Top of Excerpted data

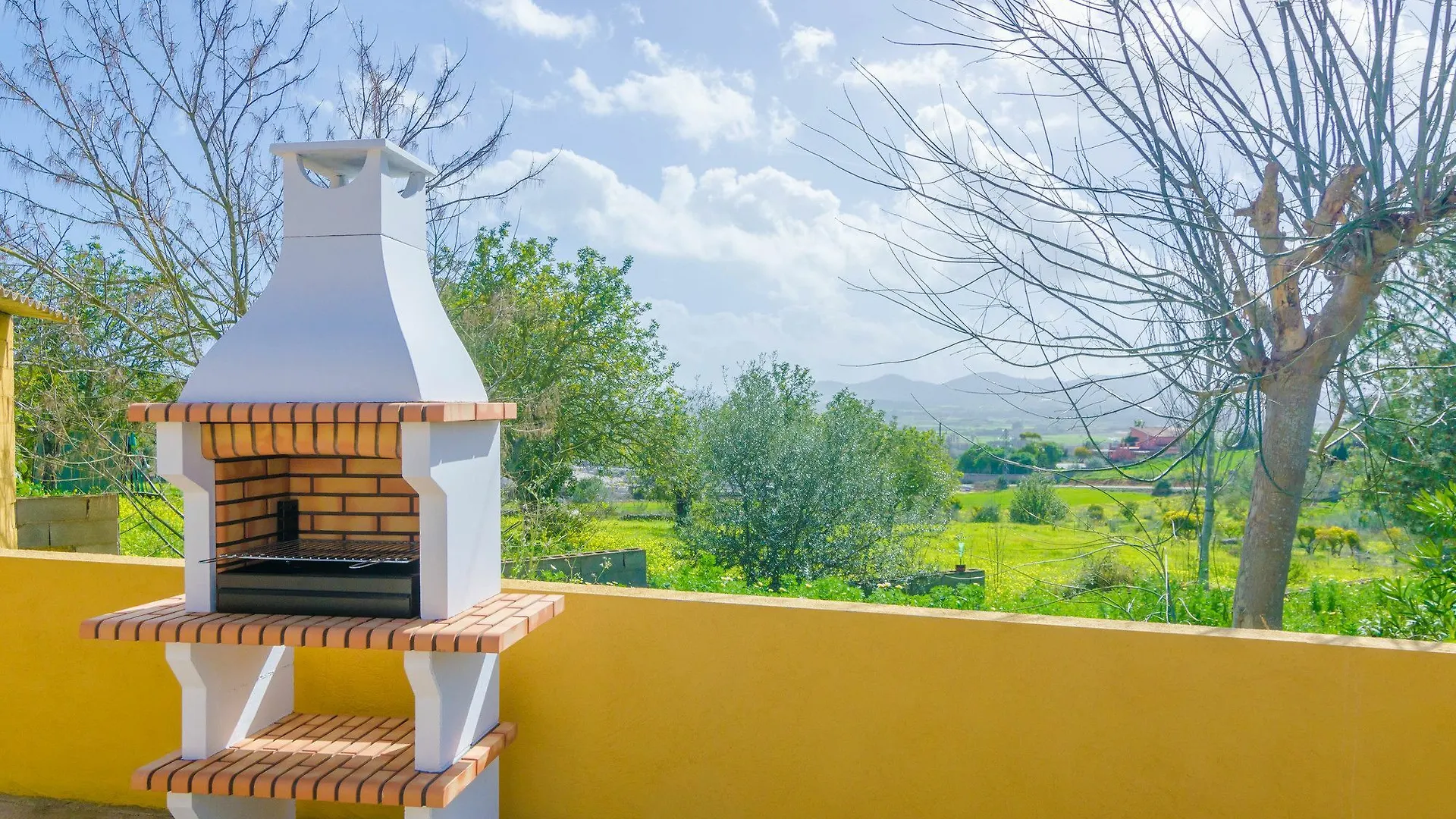 Villa S'Espital Manacor   Manacor (Mallorca)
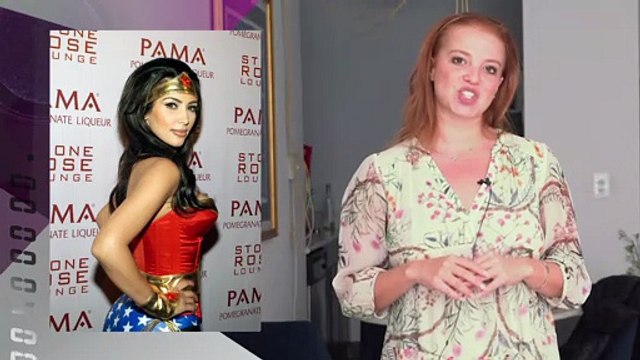 Chrissy Teigen Reacts To Kim Kardashian Divorce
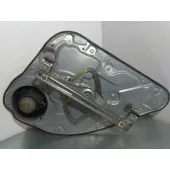 Elevalunas Trasero Izquierdo para Ford Focus C-Max (Cap)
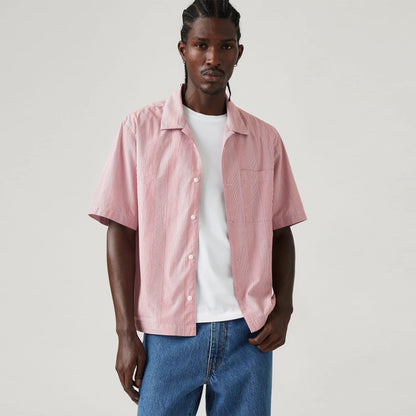 Levi's® Men's Short-Sleeve Townes Boxy Shirt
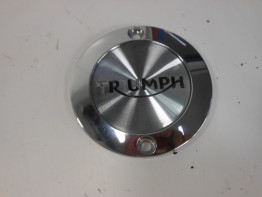 Motorblokdeksel Triumph Bonneville T 120
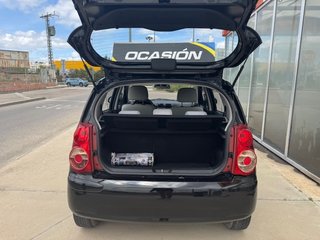 KIA Picanto 2009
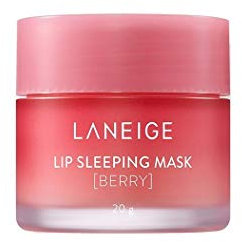 Laneige Lip Sleeping Mask EX 20g Lippenmask (Berry)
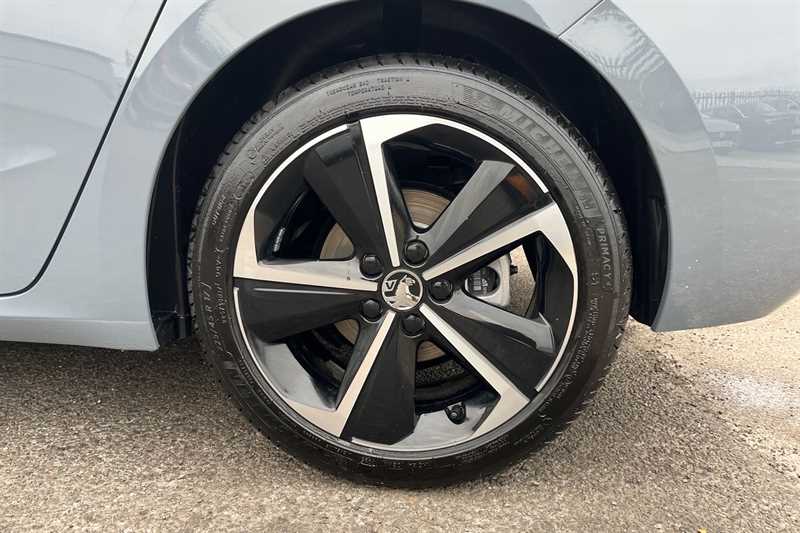 Used Vauxhall Astra for sale - 77801637: Photo 11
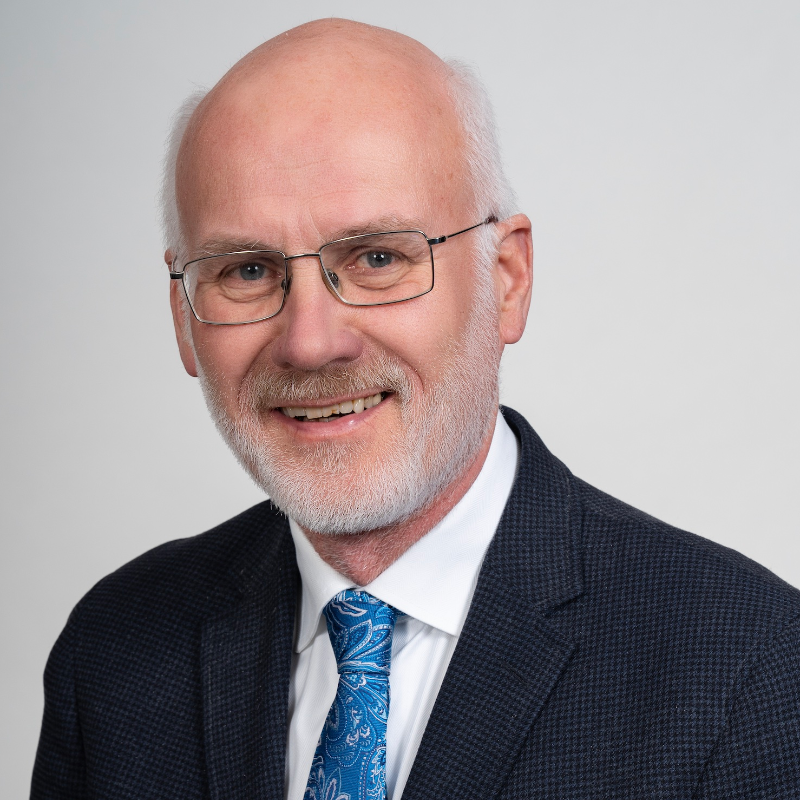 Dr. Claus Grner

Bottom of Excerpted data

**Your goal:** What is needed is an exact restatement of every line from the line containing "Motorblokdeksel Triumph Bonneville T 120" through the last line of the records, minus any pictures.

**Answer below:**
 Motorblokdeksel Triumph Bonneville T 120
 KIA Picanto 2009
 Laneige Lip Sleeping Mask EX 20g Lippenmask (Berry)
 Used Vauxhall Astra for sale - 77801637: Photo 11
 Dr. Claus Grner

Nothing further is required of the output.